The relics from the Schnidejoch mock this
Orwellian effort to make real-life events that
were not politically correct disappear from
climate history. They show that warming spells
very like that of the past 100 years occurred
repeatedly, long before the large-scale use of
fossil fuels and the associated emissions of
carbon dioxide gas were a possible factor.
Attempts to argue that such events were not
global are contradicted by abundant evidence for
the Medieval Warm Period and the Little Ice Age
from East Asia, Australasia, South America and
South Africa, as well as from North America and
Europe. Probing the errors that generated the
hockey stick can be safely left to the
statistical pathologists, while we explore the
character and rhythms of climate change over centuries and millennia.

Sunspots missing in the Little Ice Age

Atomic bullets raining down from exploded stars,
the cosmic rays, leave behind them business cards
that record their split-second visits to the
Earth’s atmosphere. They take the form of unusual
atoms created by nuclear reactions in the upper
air. Especially valued by archaeologists as an
aid to dating objects is radiocarbon, or
carbon-14, made from nitrogen in the air.

Taken up into carbon dioxide, the gas of life by
which plants grow, the carbon-14 finds its way
via the plants and animals into wood, charcoal,
bones, leather and other relics. The initial
carbon-14 content corresponds to the amount
prevailing in the air at the time of death. Then,
over thousands of years, the atoms gradually
decay back into nitrogen. If you see how much
carbon-14 is left in an old piece of wood or
fibre or bone, you can tell how many centuries or
millennia have elapsed since the plant or animal was alive.
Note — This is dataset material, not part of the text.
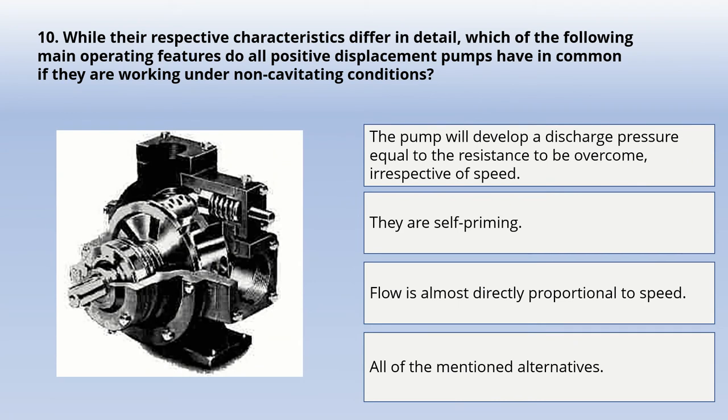Our last question: while their respective characteristics differ in detail, which of the following main operating features do all positive displacement pumps have in common if they are working under non-cavitating conditions? Options: the pump will develop a discharge pressure equal to the resistance to be overcome irrespective of speed; they are self-priming; flow is almost directly proportional to speed; or all of the mentioned alternatives. The correct answer is: all of the mentioned alternatives — all three other options are correct.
There’s a snag about this gift from the stars, as
archaeologists soon discovered. Some of their
early radiocarbon dates seemed nonsensical, even
contradictory - for example, a pharaoh of Egypt
dated as being younger than his known successors.
Hessel de Vries of Gronigen found the explanation
in 1958. The rate of production of carbon-14
varies. Measurements in well-dated annual rings
of growth in ancient trees sorted out the
problem, and the archaeologists had more
reliable, though often ambiguous dates. And
physicists could see changes over thousands of
years in the performance of the Sun, as the chief
gatekeeper of the cosmic rays. Its magnetic field
protects us by repelling many of the cosmic rays
coming from the Galaxy, before they can reach the
Earth’s vicinity. The variations that confused
the archaeologists followed changes in the Sun’s
mood. Low production rates of carbon-14 meant
that the Sun was very active, magnetically
speaking. When it was lazy, more cosmic rays
reached the Earth and the production of carbon-14 shot up.

The discovery opened the way to modern
interpretations of the link between the Sun and
the Earth’s everchanging climate, beginning in
the 1960s. Roger Bray of New Zealand’s Department
of Scientific and Industrial Research traced the
variations in the Sun’s activity since 527 BC. He
was able to connect increased production of radio
carbon by cosmic rays to other symptoms of feeble solar magnetic activity.

A scarcity of dark spots on the face of the Sun,
which are made by pools of intense magnetism, was
one such sign. Reports of auroras, which light
the northern skies when the Sun is restless, were
also scanty when the cosmic rays were making lots
of radiocarbon. And most significantly, Bray
linked solar laziness and high cosmic rays with
historically recorded advances of glaciers,
pushing their cold snouts down many valleys. The
advances were most numerous in the 17th and 18th
centuries, which straddled the coldest period of the Little Ice Age.